> PROBLEM DESCRIPTION: In the copy, include exactly the lines from the one with "New 2026 Toyota Sienna XSE AWD/4WD image 18" through the end of the data and no others, both ends kept, with every picture left out.

== SUPPLIED MATERIAL

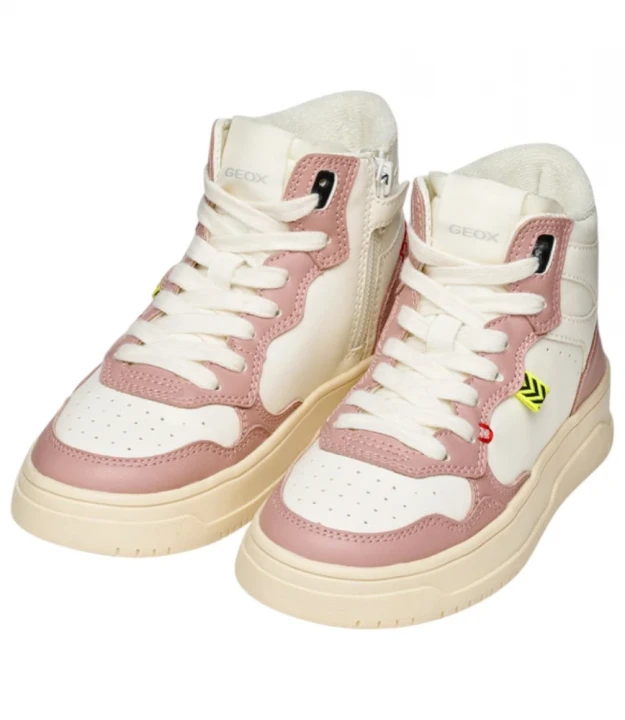 Кеды Geox Lestrella Girl 6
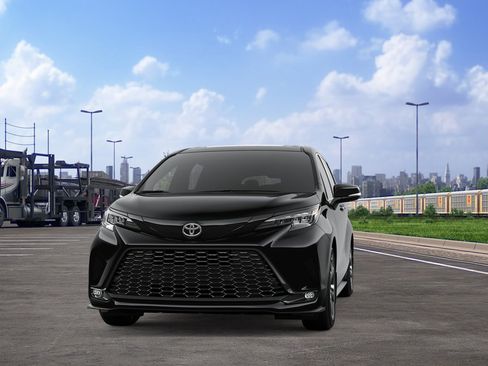 New 2026 Toyota Sienna XSE AWD/4WD image 18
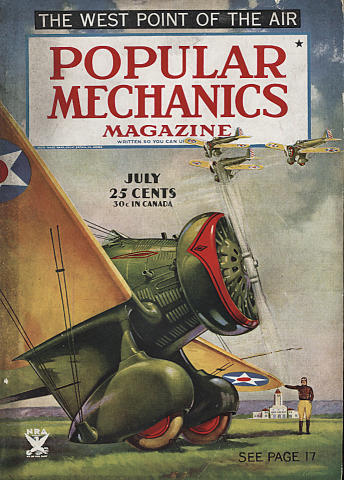 Popular Mechanics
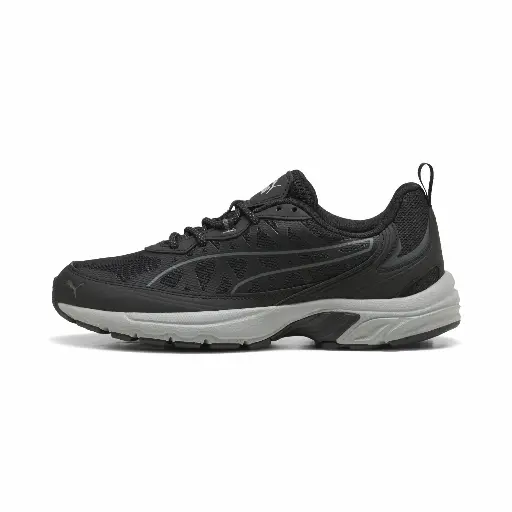 PUMA Tech Form hardloopschoenen, Zwart/Grijs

====

> EXPECTED ANSWER:
 New 2026 Toyota Sienna XSE AWD/4WD image 18
 Popular Mechanics
 PUMA Tech Form hardloopschoenen, Zwart/Grijs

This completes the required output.